Bolling v. Clevepak Corp., E-84-30

CourtUnited States Court of Appeals (Ohio)
Citation484 N.E.2d 1367,20 O.B.R. 146,20 Ohio App.3d 113
Docket NumberNo. E-84-30,E-84-30
Parties, 20 O.B.R. 146 BOLLING et al., Appellants, v. CLEVEPAK CORPORATION, Appellee.
Decision Date28 December 1984

Dennis E. Murray and Kirk J. Delli Bovi, Sandusky, for appellants.

Gregory B. Scott and William J. Wahoff, Columbus, for appellee.

Syllabus by the Court

1. When oral or written modifications of the original employment contract satisfy the paradigm elements essential to contract formation--i.e., offer, acceptance, and consideration--binding obligations arise. (Helle v. Landmark, Inc. [1984], 15 Ohio App.3d 1, 472 N.E.2d 765, approved and followed.)

2. Severance pay is an earned benefit, one for which the employees work as much (and as hard) as they work for any other benefit or item of compensation.

3. As deferred compensation, severance pay accrues while it is being earned during the course of the employment relationship.

4. Once earned through their continued work, the employees' right to receive severance pay is, in a sense, vested. Once earned, that right (and the amount of pay theretofore accrued) cannot thereafter be retroactively modified, diminished or eliminated by the employer, except through a valid contractual arrangement to which the employees are a consenting party.

5. Where the only issue regarding an employment manual's severance provisions is one of contract interpretation, that issue is a question of law for the court.

6. If the employer drafts the employment manual's contents, the termination and severance provisions therein will be construed most strongly against the employer.

7. Parties to an employment contract, as with any other contract, are bound toward one another by standards of good faith and fair-dealing.

8. Fraud or bad faith is never presumed, and where two constructions of an employer's writing are possible, one of which requires a finding of fraudulent intent or bad faith, and the other permits a conclusion of good faith, courts never hesitate in giving effect to the latter interpretation.

9. Where the employer-company sold the assets of its plant at which the employees worked to a new successor-employer, the employees became "separated" from the old employer "for reasons other than cause," as defined in the employment manual's provisions regarding "classifications of termination." (Armstrong v. Diamond Shamrock Corp. [1982], 7 Ohio App.3d 296, 455 N.E.2d 702, distinguished.)

10. Once the employees were "separated" from the old employer "for reasons other than cause," the employees were entitled to receive from the old employer, as of the date the plant was sold, accrued severance pay calculable through the severance formula stated in the employment manual.

11. While the "special situations" clause contained in severance provisions of the old employer's manual would permit the employer some leeway in arranging with a successor-employer for full payment of severance benefits, the old employer nevertheless remained primarily liable to the employees for any unpaid (but accrued) severance benefits.
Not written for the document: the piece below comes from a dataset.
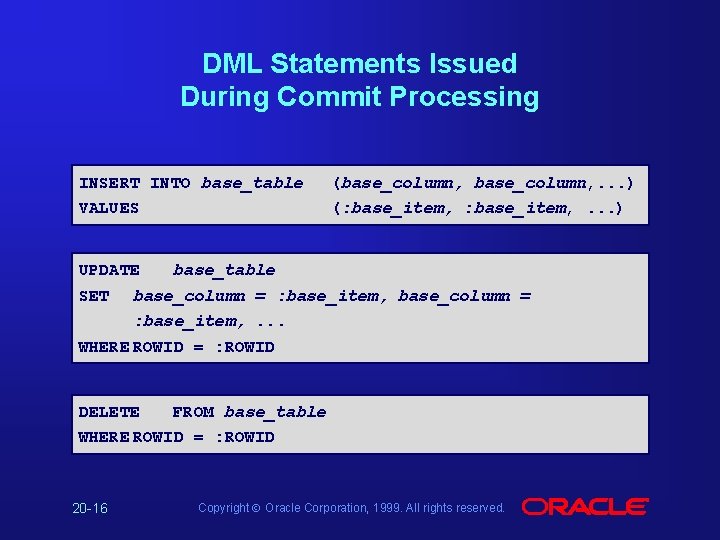 DML Statements Issued During Commit Processing INSERT INTO base_table (base_column, . . . )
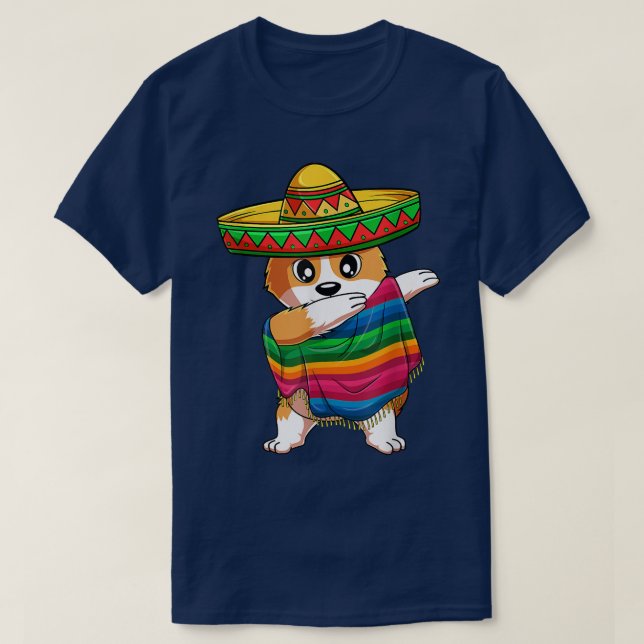 Dabbing Corgi Dog Mexican Poncho Sombrero Cinco de T-Shirt (Design Front)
Payments made by the new employer through a "50/50" agreement would only create a credit, as against the old employer's primary liability, and not a discharge, until each employee who had qualified under the appropriate "termination" category received the full amount of accrued pay to which he or she was entitled under the severance formula.

12. For a purported "novation" to be effective, all the parties must agree to the substitution of the new debtor for the old one and, therefore, to the new or changed terms pursuant to which the substitution is made.

13. Intent, knowledge and consent are the essential elements in determining whether a purported novation has been accepted.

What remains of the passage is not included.